In what year level should I register my students for ICAS?

The students should be registered according to their year level when they sit for ICAS.

Will students have specific books or materials to study for the ICAS?

No. The skills being tested will reflect the appropriate level in the learning curve expected to be achieved by the student at the target age group. The question will be based on the universal curricular and co-curricular syllabi including textbooks, lab notes, projects and other sources.

What is the benefit of taking ICAS?

An external assessment such as ICAS removes even a faint trace of subjectivity that stems from familiarity between a teacher and their students. An external view, especially from a global body, reflects a collective and objective world view of a student’s performance. Exposing the students to international testing patterns prepares them to become global players.

What are the interventions after a student has received the results?


After knowing exactly which skill set they are weak in, they can:

  • Focus on learning the concept better
  • Revisit the fundamentals of the concept
  • Spend time practicing the application of the concept
  • Read up on relevant books to improve their skills

  • Provide parental support to nurture their child’s core strengths
  • Plan for programmes in consultation with teachers to improve their child’s weakness on the particular skill set.

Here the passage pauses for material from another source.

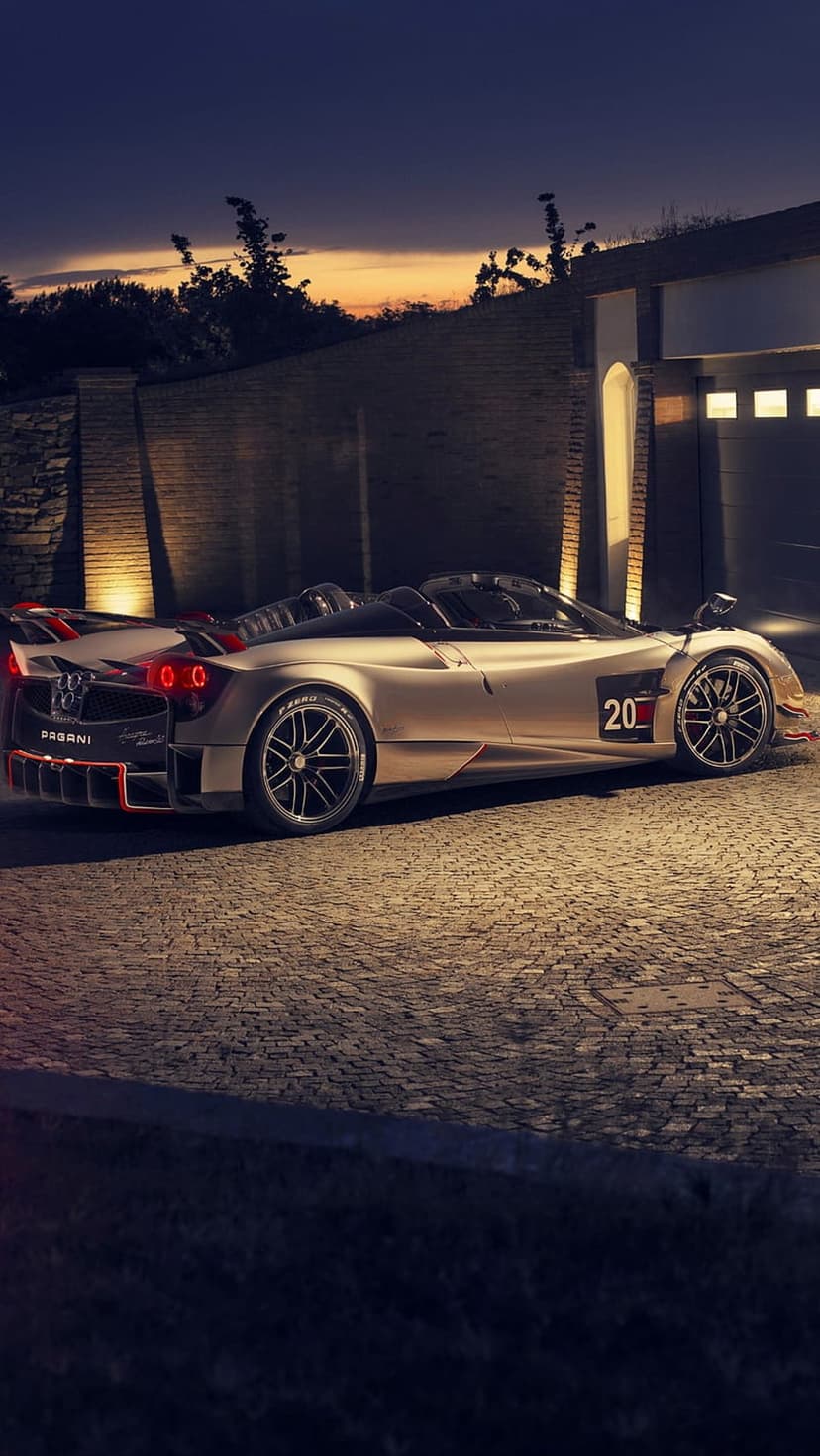 Pagani Huayra Roadster BC in golden bronze parked on a cobblestone driveway at twilight in front of a modern villa.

Which curriculum does ICAS refer to?

ICAS does not refer to any curriculum but each ICAS subject has been aligned to its own assessment framework. These frameworks were developed by carefully examining the curriculum of each Australian state and identifying common content, skills and overarching principles. In addition curriculum documents from other countries, including New Zealand, Singapore and the United Kingdom were looked at. This process of identifying the common aspects of each subject across Australia and overseas curricula has allowed ICAS to operate independently of any given curriculum while remaining relevant to what is taught in classrooms.